Onkel Piet: der Mann von Tante Isadora, ihm gehört der Reiterhof

Inhalt:
Wie jede Ferien ist Liv auf dem Pferdehof ihrer Tante. Allerdings hat ihre beste Freundin Mareike jetzt einen Freund und nicht mehr so viel Zeit für sie. Finn, ihr bester Freund, muss jetzt seinen Eltern immer im Café helfen. Liv hat ein Pferd namens Hauke. Eigentlich gehört er nicht ihr, aber er lässt sich von sonst niemandem reiten.

Hauke verhält sich plötzlich total komisch und läuft immer zu Jan, in den Liv sich dann verliebt. Alle meinen, dass er ein totaler Angeber ist, aber sie ist da anderer Meinung. Wenn sie mit ihm alleine ist, verhält er sich so anders und nach kurzer Zeit kann sie ihn sehr gut verstehen. Als Liv dann erfährt, dass Hauke vielleicht verkauft werden muss, ist das Chaos perfekt.

Bewertung:
Das Buch war zwar sehr spannend, allerdings auch etwas übertrieben. Was mir nicht gefallen hat, war das Ende. Es kam total plötzlich und war irgendwie seltsam. Es wurde keine einzige der großen Fragen geklärt.
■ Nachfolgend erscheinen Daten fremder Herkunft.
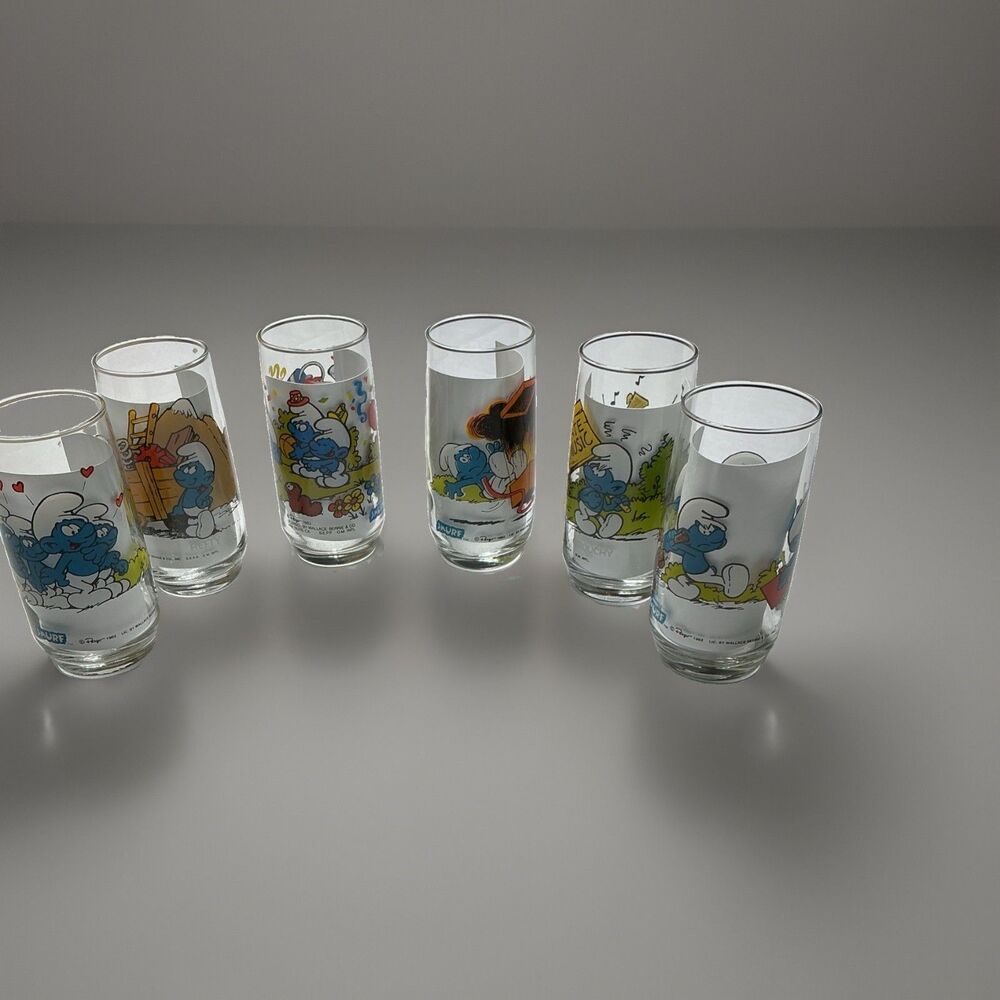 Vintage Smurf Drinking Glasses 1980s Peyo Wallace Berry Set of 6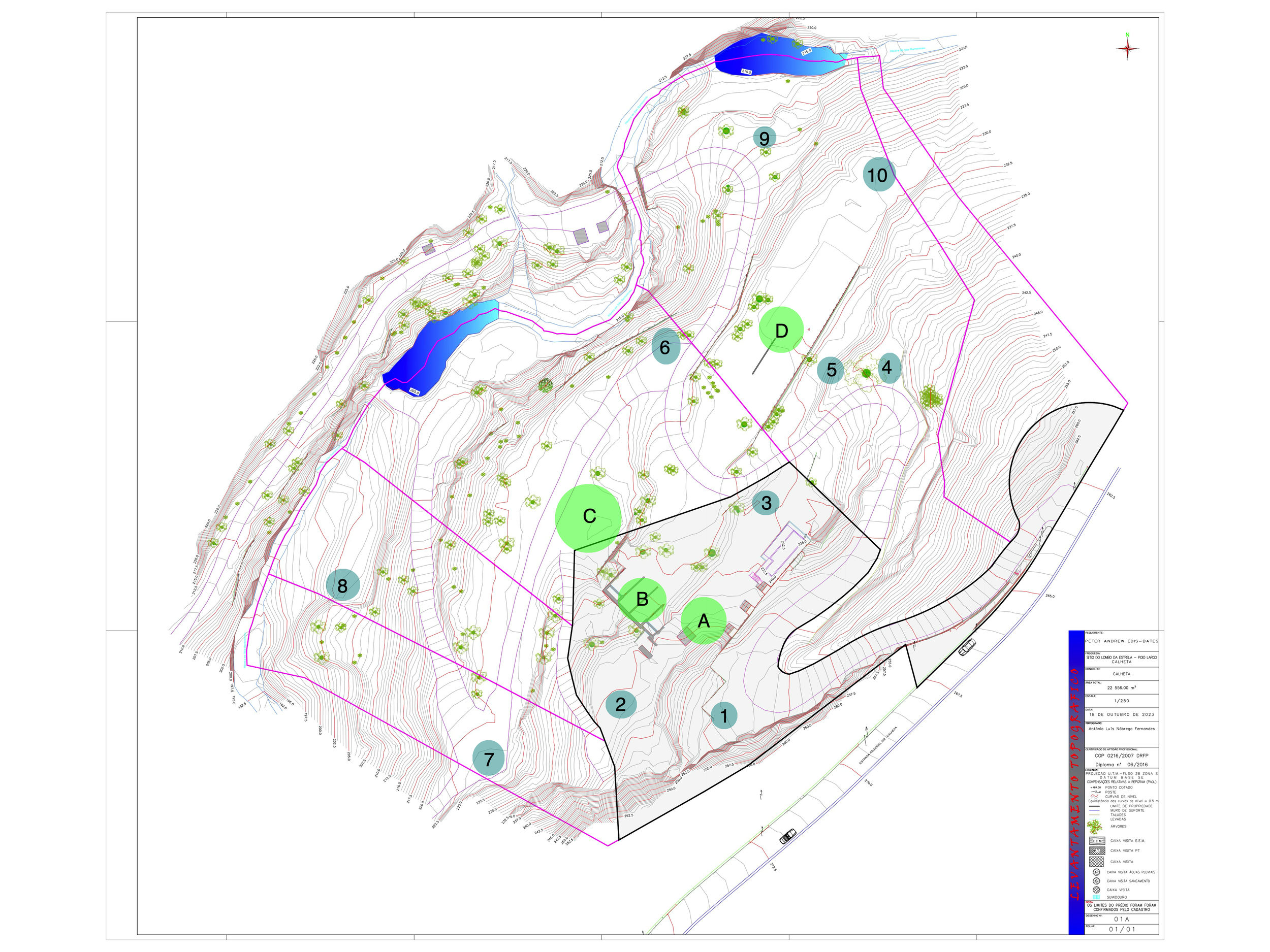 A detailed topographical map showing contour lines, water bodies, and various marked points using different colored symbols and labels, indicating elevation and land features.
Außerdem war man sich nicht sicher, ob es einfach ein sehr offenes Ende ist oder ob es eine Buchreihe werden soll. Deswegen gebe ich nur 2 von 5 Sternen. Das tut mir sehr leid, da ich mich total auf das Buch gefreut habe und die Geschichte eigentlich ziemlich gut war, aber das Ende hat mir einfach überhaupt nicht gefallen.